(DATA SHOWN):
---

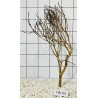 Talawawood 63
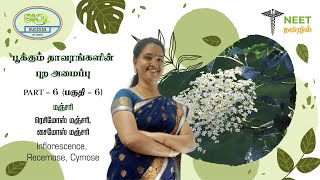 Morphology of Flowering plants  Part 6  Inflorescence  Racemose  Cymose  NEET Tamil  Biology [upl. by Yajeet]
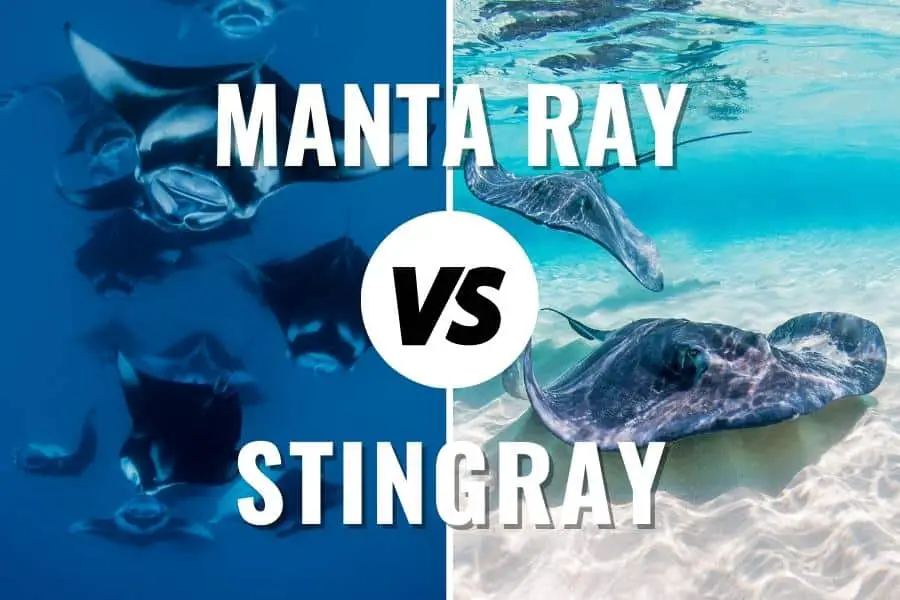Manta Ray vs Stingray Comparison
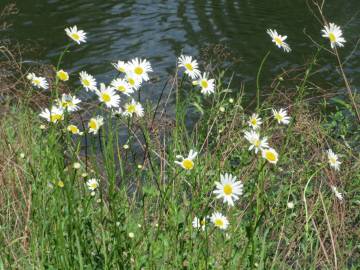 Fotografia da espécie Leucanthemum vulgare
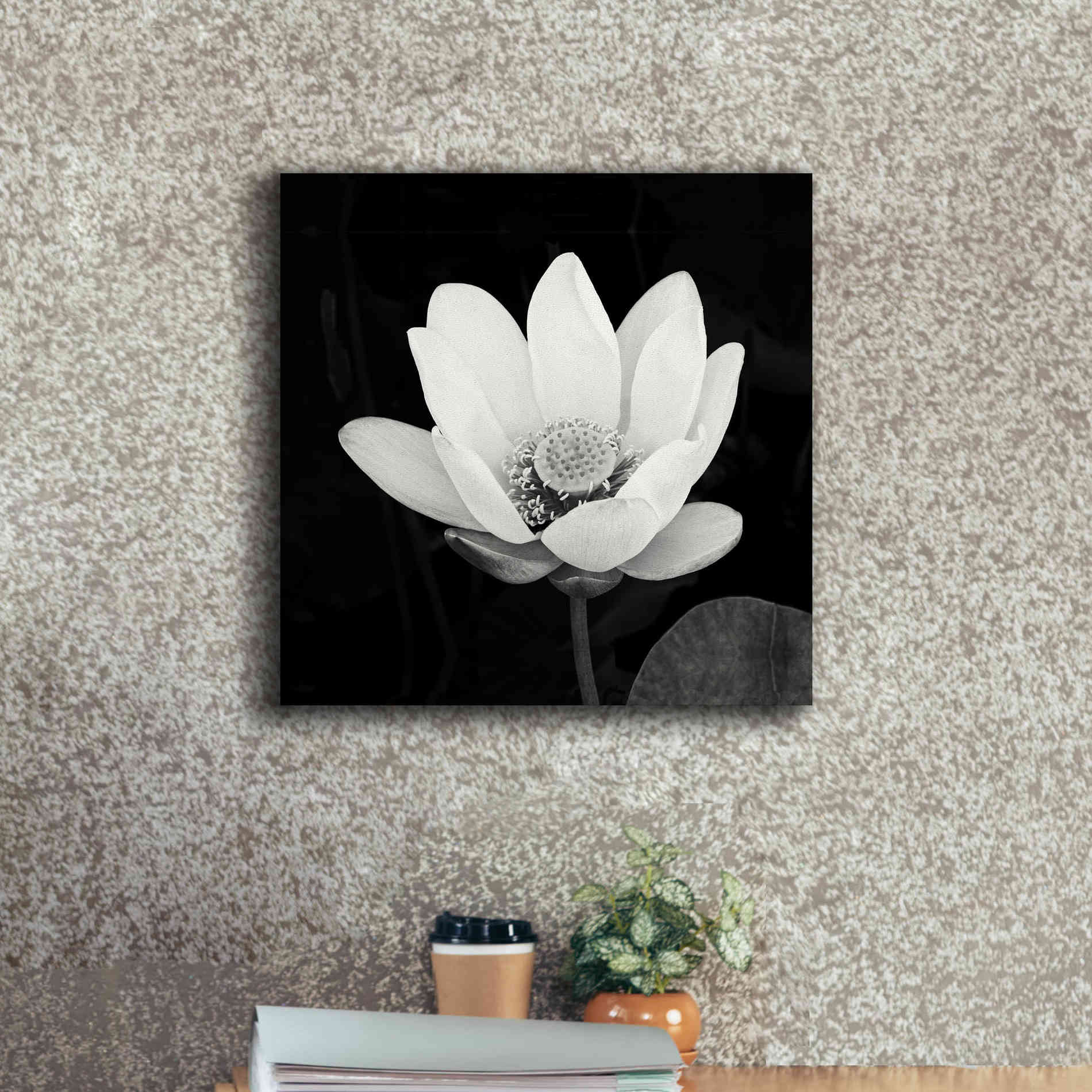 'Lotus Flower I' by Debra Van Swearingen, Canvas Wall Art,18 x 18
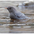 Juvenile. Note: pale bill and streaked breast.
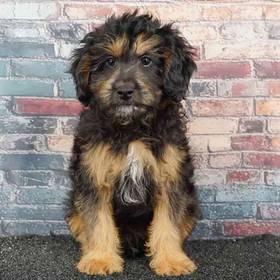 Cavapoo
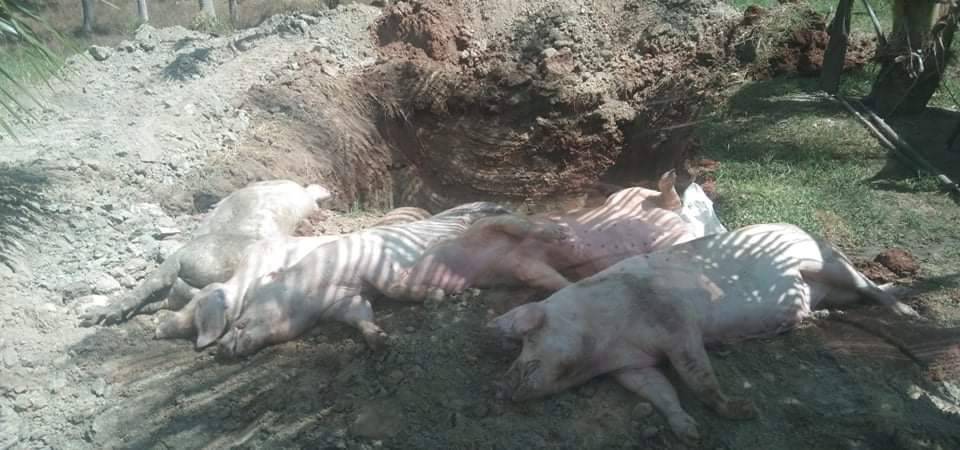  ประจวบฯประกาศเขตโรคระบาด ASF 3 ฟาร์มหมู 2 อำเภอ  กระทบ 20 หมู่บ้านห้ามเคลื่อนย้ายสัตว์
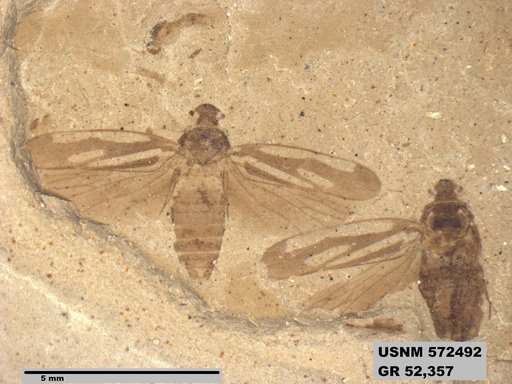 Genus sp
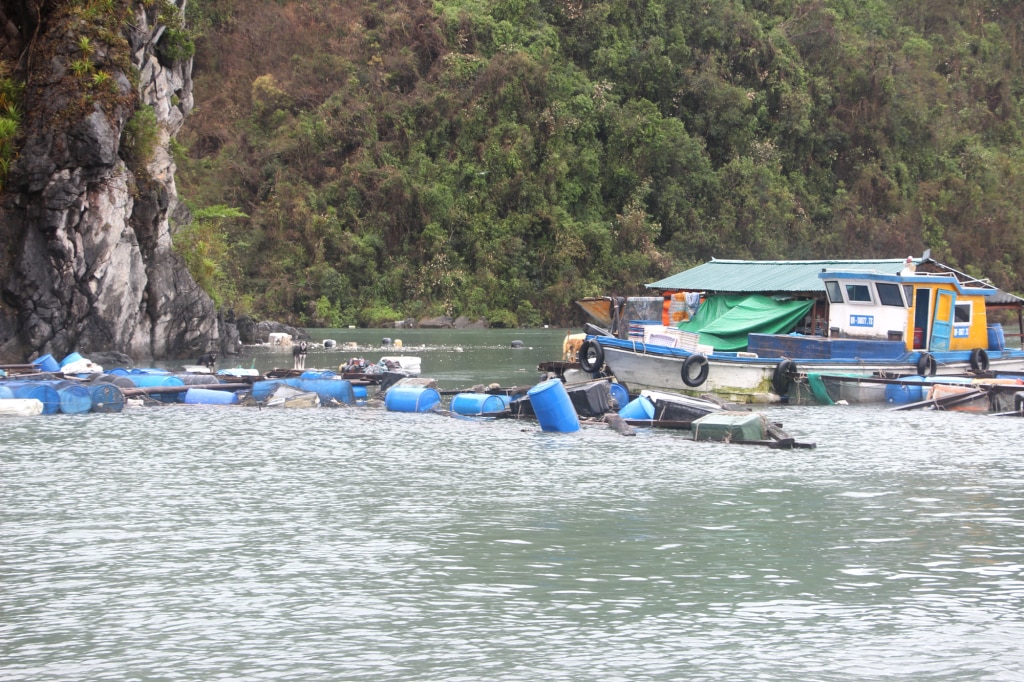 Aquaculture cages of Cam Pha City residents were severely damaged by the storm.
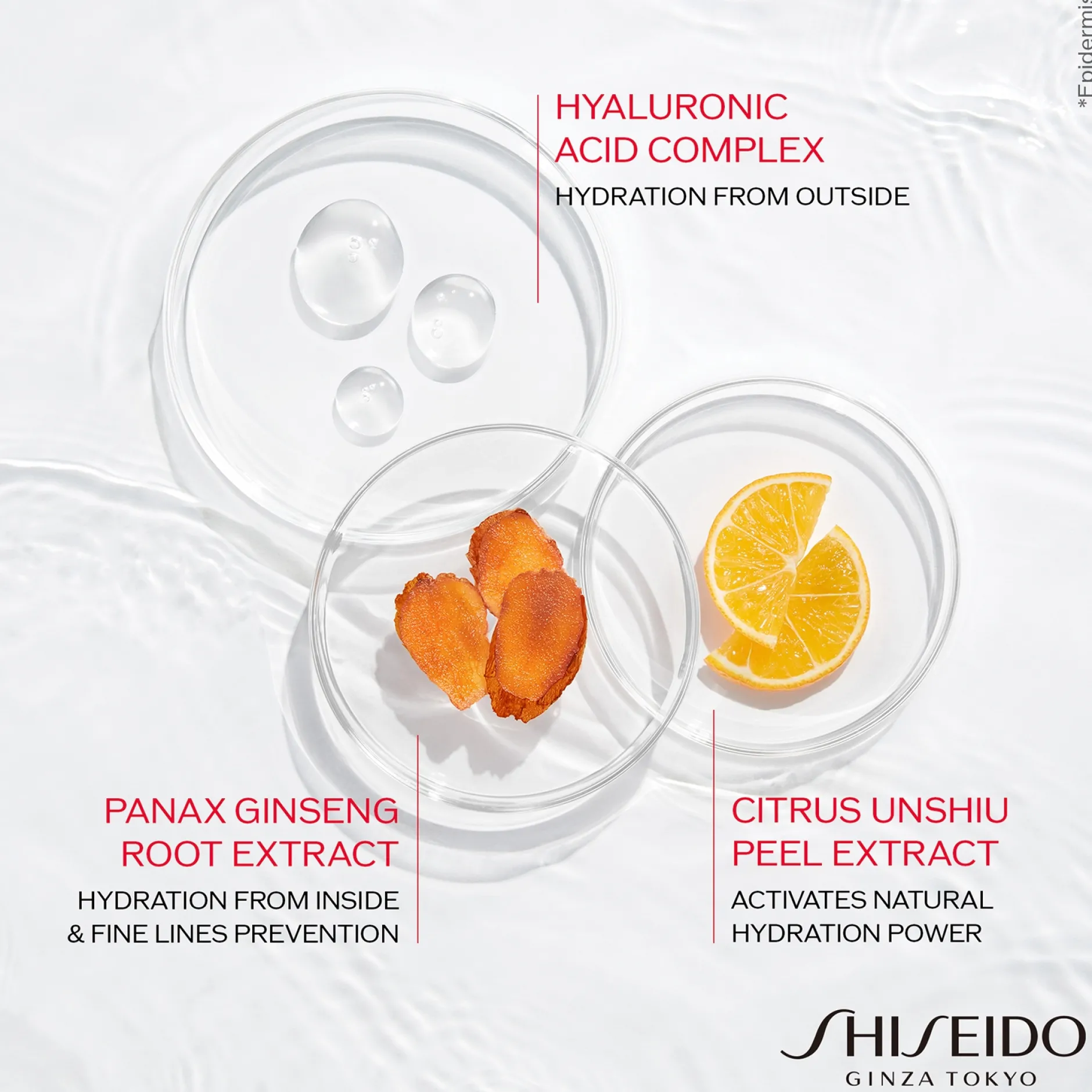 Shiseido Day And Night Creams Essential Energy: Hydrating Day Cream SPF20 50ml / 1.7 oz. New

---

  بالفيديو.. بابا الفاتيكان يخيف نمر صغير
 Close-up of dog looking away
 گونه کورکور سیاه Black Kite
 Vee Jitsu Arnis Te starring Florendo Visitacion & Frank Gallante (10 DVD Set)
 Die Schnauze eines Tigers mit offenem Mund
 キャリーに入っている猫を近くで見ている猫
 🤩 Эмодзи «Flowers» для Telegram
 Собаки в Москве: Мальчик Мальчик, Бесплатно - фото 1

---

(WHAT IS REQUIRED): From the line holding "Morphology of Flowering" to the line holding "Shiseido Day And", both included, retype the entries above exactly and drop the pictures.

(RESPONSE):
 Morphology of Flowering plants  Part 6  Inflorescence  Racemose  Cymose  NEET Tamil  Biology [upl. by Yajeet]
Manta Ray vs Stingray Comparison
 Fotografia da espécie Leucanthemum vulgare
 'Lotus Flower I' by Debra Van Swearingen, Canvas Wall Art,18 x 18
 Juvenile. Note: pale bill and streaked breast.
 Cavapoo
  ประจวบฯประกาศเขตโรคระบาด ASF 3 ฟาร์มหมู 2 อำเภอ  กระทบ 20 หมู่บ้านห้ามเคลื่อนย้ายสัตว์
 Genus sp
 Aquaculture cages of Cam Pha City residents were severely damaged by the storm.
 Shiseido Day And Night Creams Essential Energy: Hydrating Day Cream SPF20 50ml / 1.7 oz. New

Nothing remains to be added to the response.